Gaertk at aol.com Gaertk at aol.com
Tue Mar 25 17:27:01 PST 2003

pddb at demesne.com writes:

> Gaertk at aol.com wrote:
>> pddb at demesne.com writes:
> [snip, I hope not too far]
>> Hmm, I'm not sure we're understanding each other.  (Or 
>> maybe I need to reread the books.)
> I did just reread them (I'm writing a Liavek novel, a day
> late and a dollar short as usual), so perhaps I have an
> advantage.

Yeah, I really should reread, and I'm been meaning to, but...
there are a couple stories I won't reread (definately the 
ones by Longyear and Moore, though for nearly opposite 
reasons), and there are some I really don't know if I want to
reread (I have *seriously* mixed feelings about Ford's
stories).  I will certainly reread the ones by Scribblies.

>> My opinion is that the series should have stopped at book 
>> 4.  At that point, everything that needed wrapping up was. 
>> Then book 5 tried to add on, and it seemed that the 
>> authors tried to surprise the readers, and in so doing, 
>> damaged their characters.
> I can't, of course, argue that this is how it seemed to 
> you.  However, that is really not the way writing it felt. 
> What we did have was a pause for reflection, and to 
> consider the implications of what we had written, and 
> whether to bring them out or deepen them or bring 
> ambiguities or hidden assumptions or logical conclusions 
> not yet detailed, to the fore.

I don't mind characters changing, but authors need to decide
before the second story whether a given character will 
change.  Dashif and the kids in Liavek clearly were intended
to change, but I expected most eveyone else to stay the same.
And my biggest gripe is that these changes happened when I 
wasn't looking.  Yes, being restricted to short stories 
doesn't give you much choice, but it still doesn't seem fair.
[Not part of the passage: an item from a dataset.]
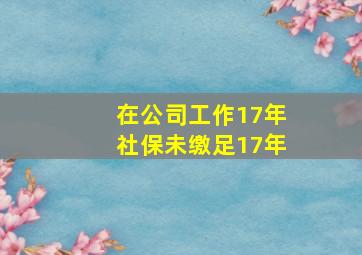 在公司工作17年社保未缴足17年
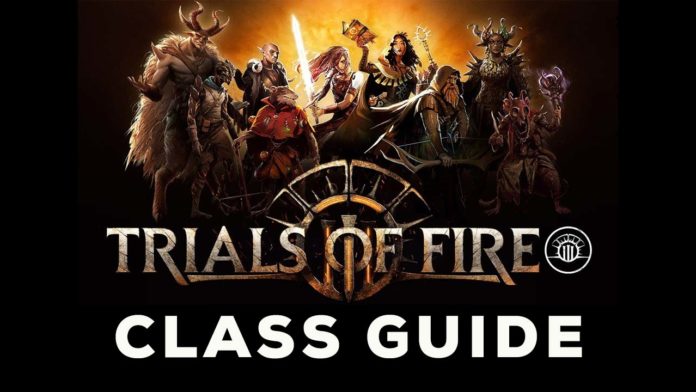 Trails of Fire Class Guide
>> _Liavek: Festival Week_ spoilers:
>> S
>> P
>> O
>> I
>> L
>> E
>> R
>> S
>> [I'm picking on Pamela solely because she responded; I've 
>> a much bigger gripe with Shetterly's story.]
> I adored that story.  I think it follows very logically the
> implications of The Magician's life and flaws, and takes up
> issues raised in, for example, Ford's "Riding the Hammer"
> in Volume IV.  This discussion is reminding me of many I 
> had after TECKLA was published, oddly enough.

I can see that; I'd probably have a similar reaction if I
couldn't read anything written after _Teckla_.  But that's
another point: Brust could (and did) write more to show how
those changes were logical, reasonable, and (in the long run)
good for Vlad.  Even the novel you're writing can't do much, because you killed your character.

>> I just can't imagine Dialos killing himself like this. 
>> This is his idea of acting responsibly?  Yes, he's making 
>> a point, but look at the cost, especially to Nerissa.
> The effect to Nerissa is exactly what was intended.  She's
> ready to take up her life.  She has to live anyway, you 
> know, because of the cat, and now she has a means to do so, 
> outside the stressful orbit of her family. 

Umm, he faked his own bloody murder to make things less 
stressful for her?  And how much of this would not be
accomplished through his originally intended death, the one
he described in the note to the Guard Captain?